La noche de la suerte empieza a cambiar. La mujer que está en mi mesa ha ganado la partida y con pocito: las cuatro figuras que están justo en el centro de la tabla. Hay gritos. Muchos gritos. Algarabía. Después de varias jugadas, no sé cuántas, el pocito ya acumula más de 150 pesos.
La lotería mexicana. Esa típica diversión ingenua y colectiva que se conforma con 54 figuras mezcladas en tablas de 16 cuadritos, que se van señalando con frijolitos, con piedras, corcholatas, conforme se cantan las cartas del mazo. La lotería típica de todo un país, con sus dibujos firmados por Don Clemente y la Gran Fábrica de Naipes Gallo, la de origen decimonónico, aparecida allá por 1887, cuando México aún no era una carnicería.
Entonces lo entiendo: por eso están reunidos.
Antes que quedar atrapados por el miedo a las balaceras, a los secuestros, a las extorsiones, a las persecuciones, a las amenazas, a la muerte, estas buenas personas —parientes, vecinos, amigos de todas partes del territorio tamaulipeco— han vuelto a reunirse al refugio del fresco de los patios, como hacían los abuelos, para pasar la noche en inocentes juegos de lotería y plácidas conversaciones.
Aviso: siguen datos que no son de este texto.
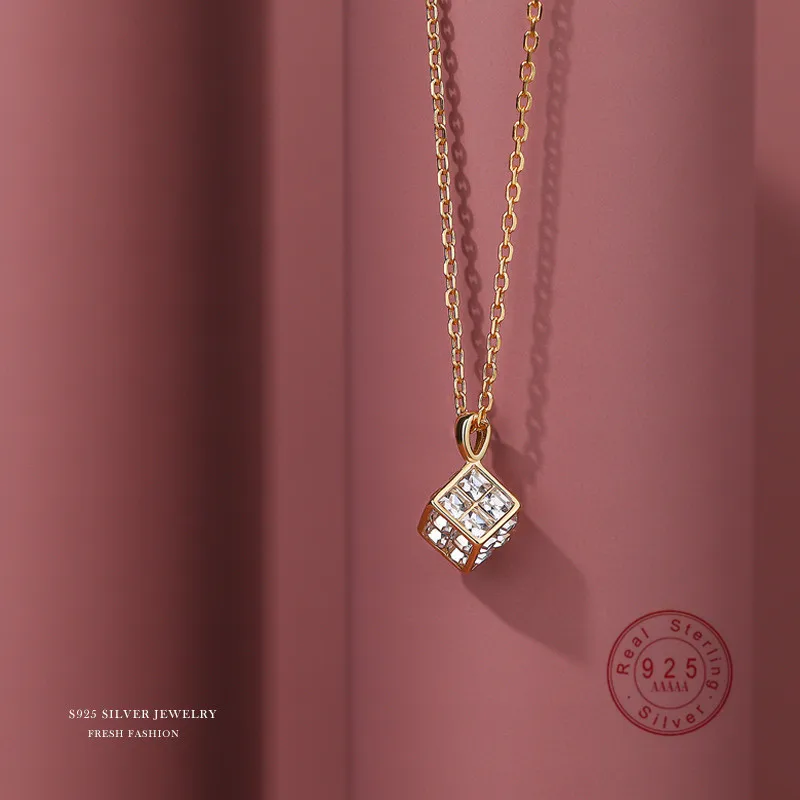 HI MAN Korean Crystal Geometric Square S925 Sterling Silver Pendant Necklace Women Creative Trend Gift Jewelry
HI MAN Korean Crystal Geometric Square S925 Sterling Silver Pendant Necklace Women Creative Trend Gift Jewelry
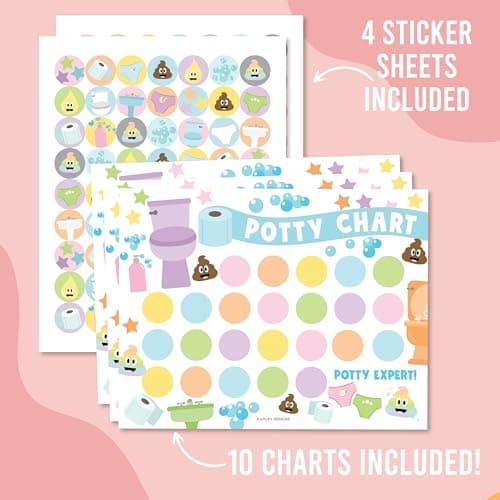 Hadley Designs Potty Training Chart for Toddlers Boys -10 Sticker Potty Chart for Toddlers Girls, 8.5x11" Potty Training Sticker Charts for Toilet Success, Pastel Toddler Reward Chart for Kids - Thumbnail 4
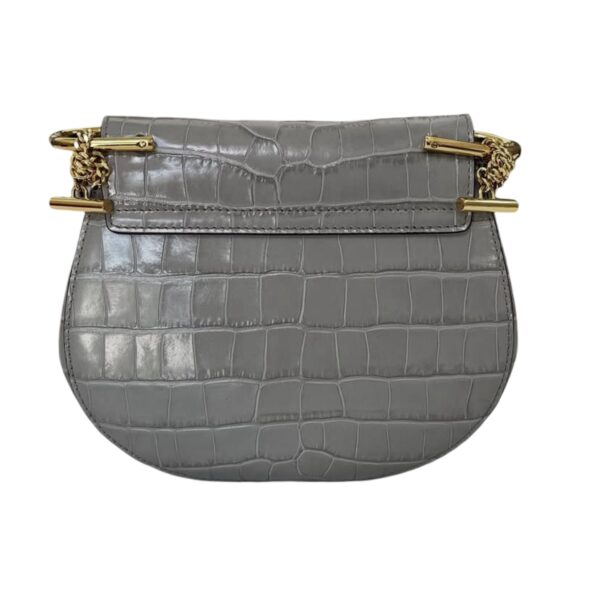 CHLOE CROC EMBOSSED MINI DREW GHW GRAY - Image 7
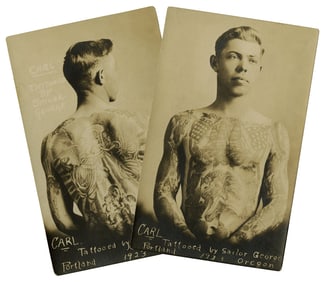 Postcards of "Sailor Carl," Tattooed by "Sailor, George Fosdick (Portland, Oregon, 1923) Each: 5 1/2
Juegan noche tras noche, como un acto supremo de resistencia ante el terror. ¿Qué más desafiante que reír en medio de la muerte?
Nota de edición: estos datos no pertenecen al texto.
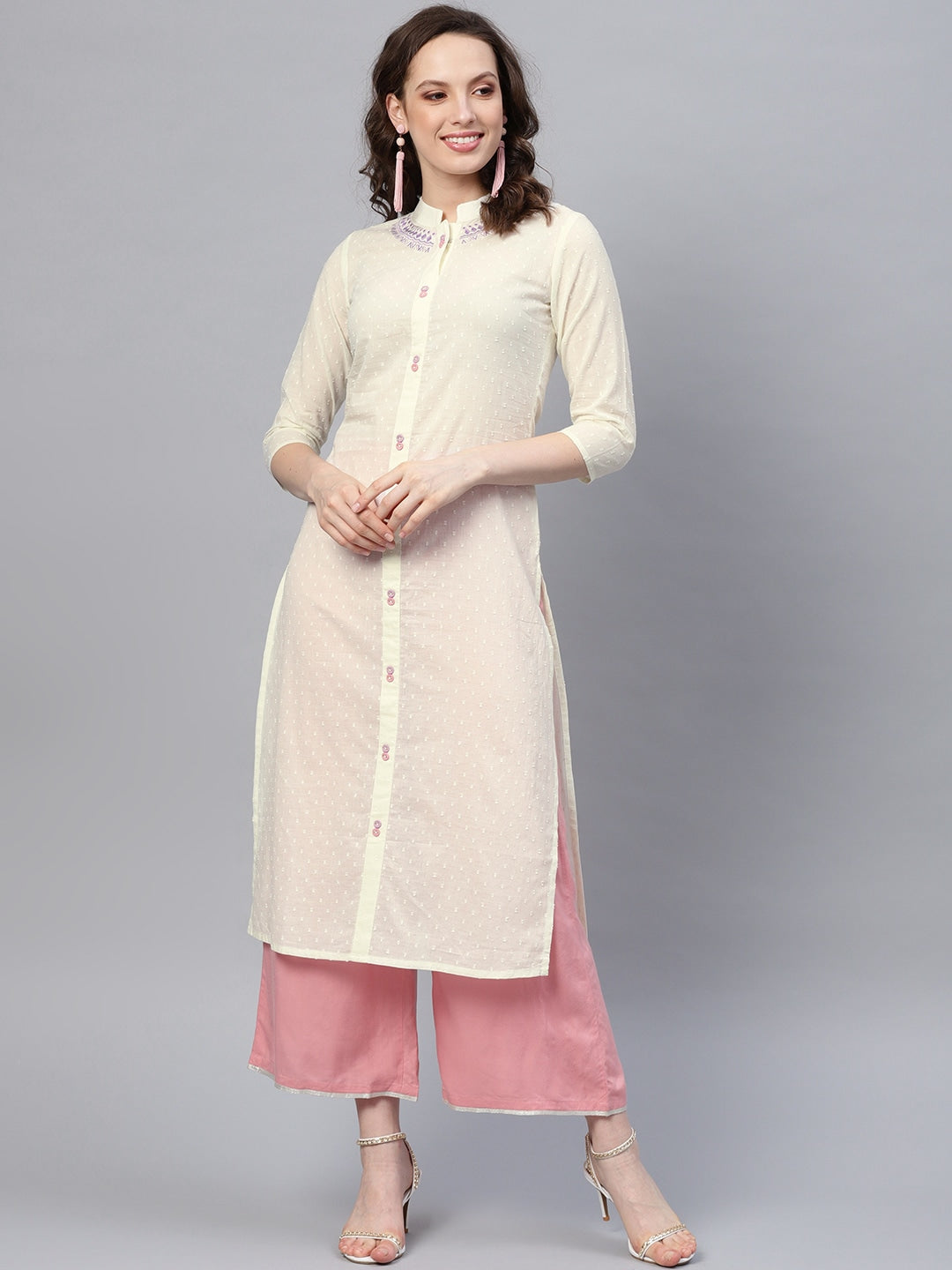 Off-White Straight Kurta-Yufta Store-DBAJWKU01616S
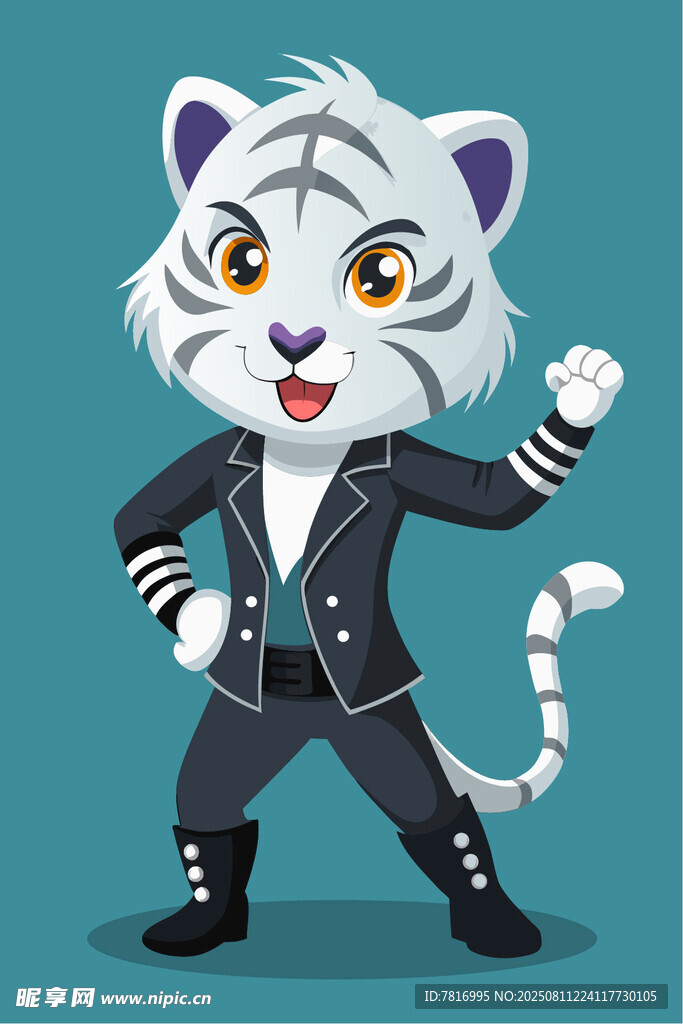 摇滚风白虎卡通形象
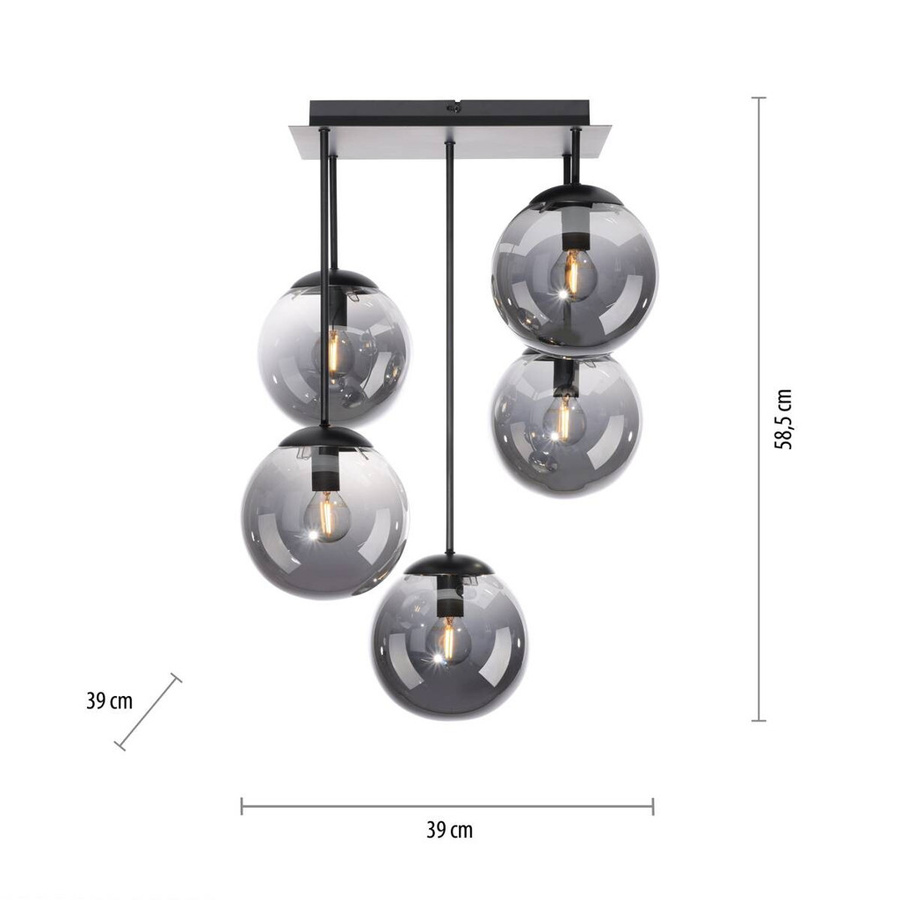 Just Light Deckenleuchte Big Widow in Schwarz mit Rauchglas und Metall, B/H: 39 x 58,5 cm, E14, 5 Fassungen - Bild 2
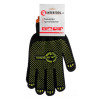 Knitted glove 60% cotton / 40% polyester, with PVC dot, knitting class 7, color black, with plating, yellow dot, 90 g Intertool SP-0125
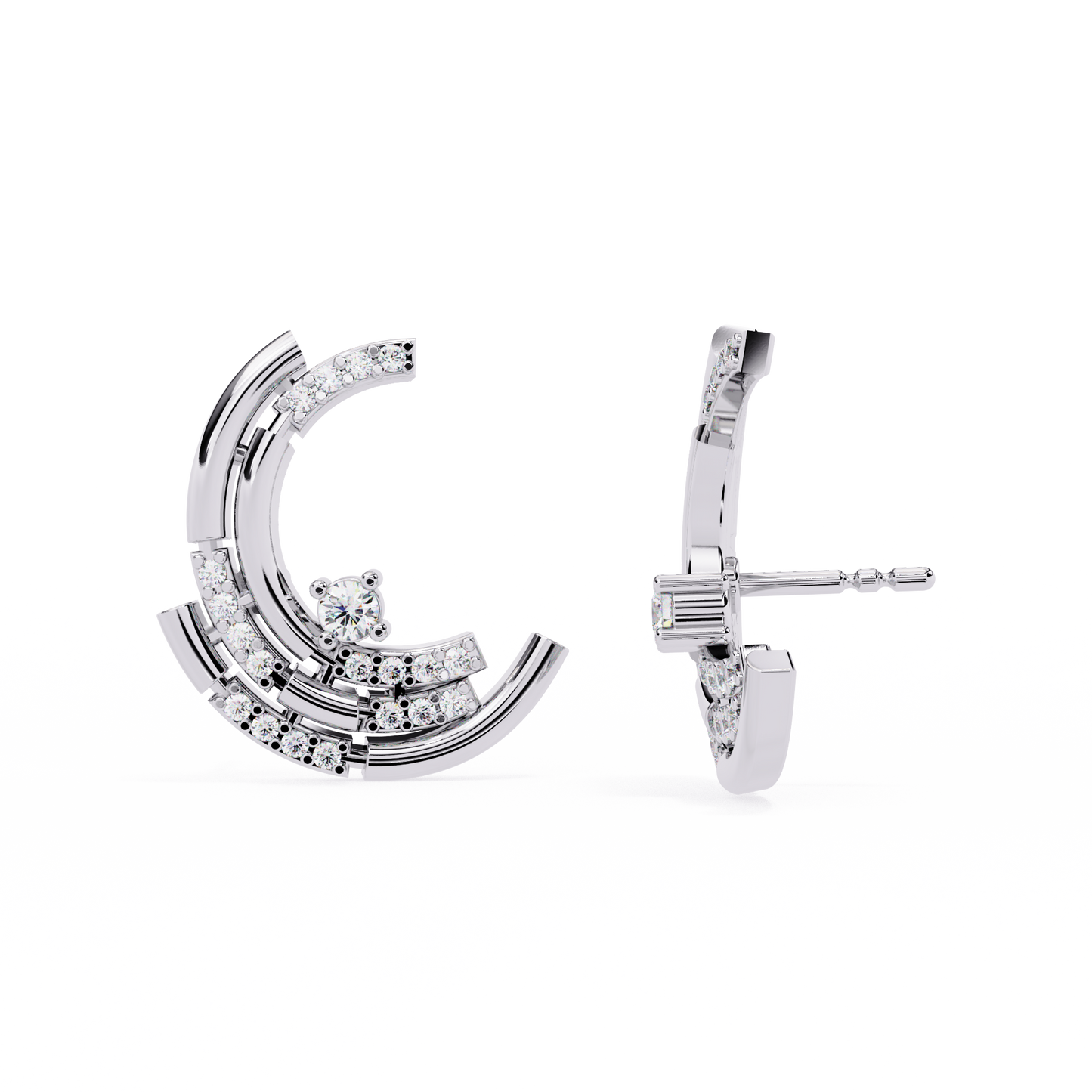 Silver Layered Crescent studs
—Ya no le cuenten. Lo están asustando —dice alguien, pletórico de ironía.
—Mejor cántanos las cartas —me piden. Las manos no dejan de temblarme.
Miro a las mujeres —esas lindas porteñas prometidas por el poeta José Sierra, hacia las que puede navegarse en busca de amor— diluirse ahora en el llanto de sus miedos. Miro a los hombres, buenos en esencia, que guardan en sus teléfonos los números de ambulancias, patrullas, auxilios inmediatos. Al anciano, que no se cansa de decir que todo va para peor y maldice al gobierno. A las viejitas, que al despedirse de sus hijos se quedan petrificadas ante las puertas y lanzan suspiros interminables.
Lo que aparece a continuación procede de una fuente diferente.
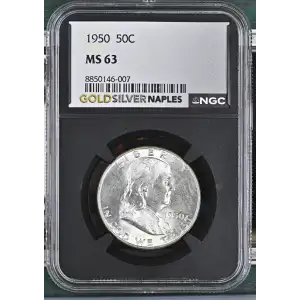 1950 - 0.3617oz Silver Franklin Half Dollar - NGC MS63 (S13B-B6) (2)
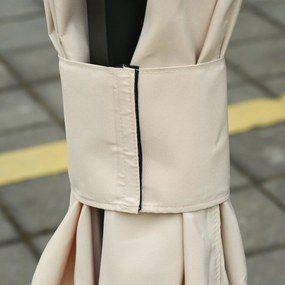 Outsunny 4 perdele de rezervă pentru pavilioane 3x3m, rezistente, pentru stâlpi și șine glisante, fermoar dublu, bej | Aosom Romania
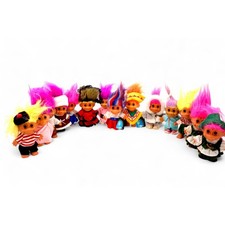 Vtg Russ Berrie Around the World Troll Dolls Lot of 14 International 90s Culture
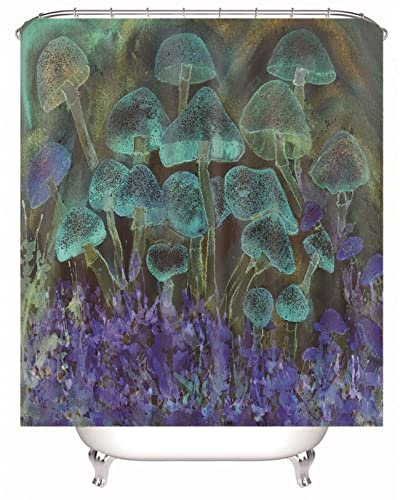 Hoisy Duschvorhänge für Badewannen, Duschvorhang Antischimmel Waschbar Pilz Und Blumen Cyan-Lila Größe 120X180CM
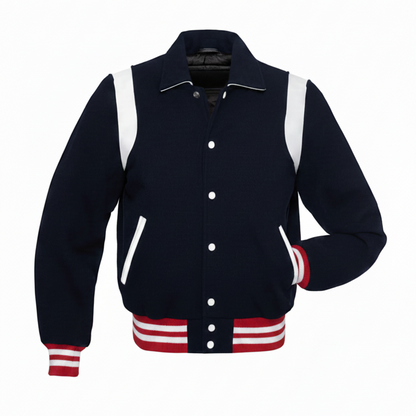 Varsity Jacket – Navy/Red/White – Image 1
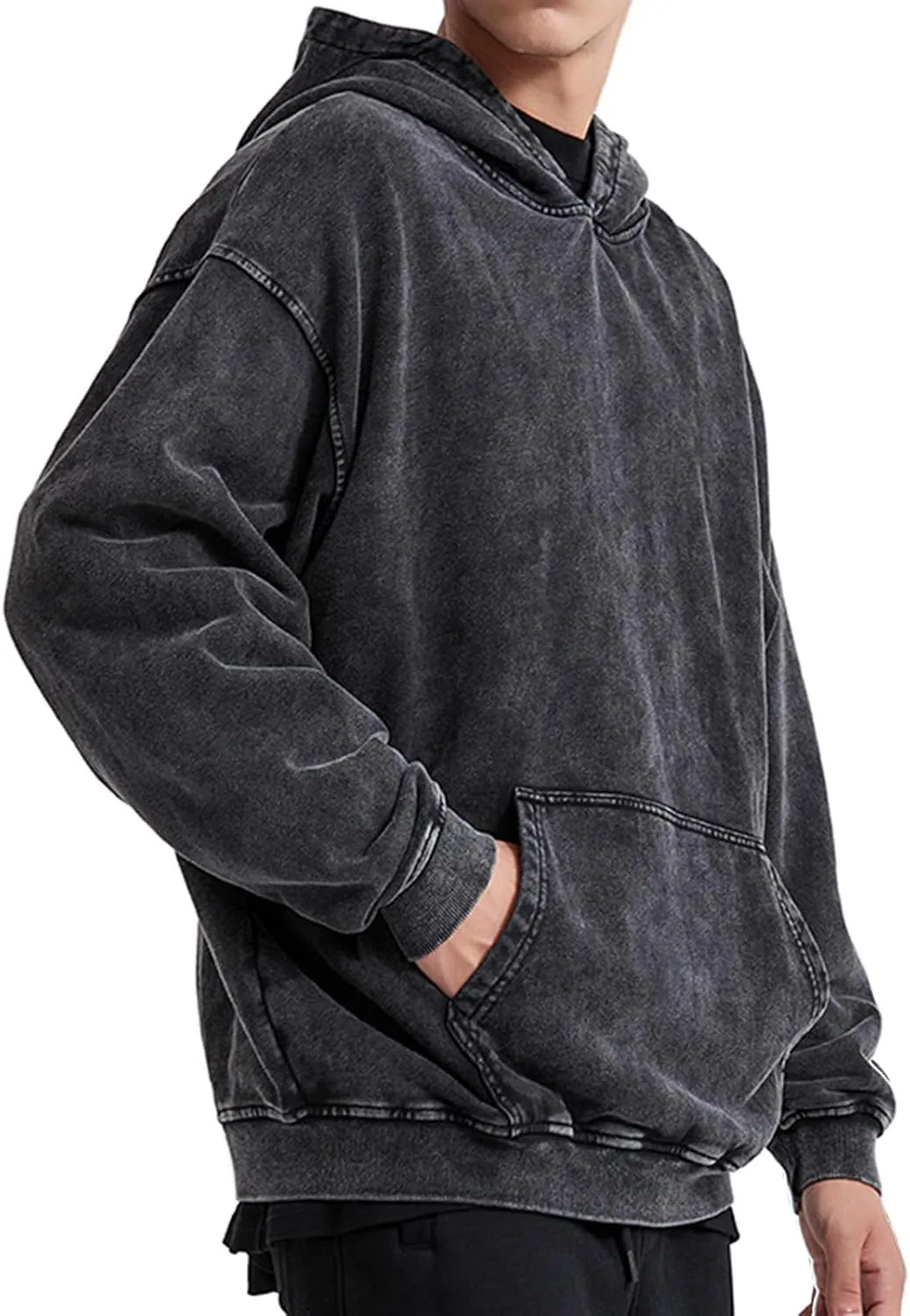 BINTEHGS Mens Oversized Hoodie Vintage Acid Wash Hoodie Baggy Cotton hooded Sweatshirts Unisex Distressed Pullover Streetwear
Los miro a todos, a los niños que ríen y cuentan chistes sentados en esas mesas colocadas en U en el patio trasero de esa casa, en una ciudad cualquiera de Tamaulipas que deliberadamente tergiverso y no identifico con claridad.
Pienso en ese acto supremo de rebeldía: guarecidos bajo el fresco de la noche, mujeres, hombres, chamacos, protegidos de todo cuanto pueda pasar afuera, en aquellos laberintos, fraguan una resistencia que se alimenta con gritos, carcajadas que duran horas, en un espacio que nada ni nadie podrá arrebatarles.
—Cántanos las cartas –insisten.
—No, ni madres. No puedo —tiemblo de miedo.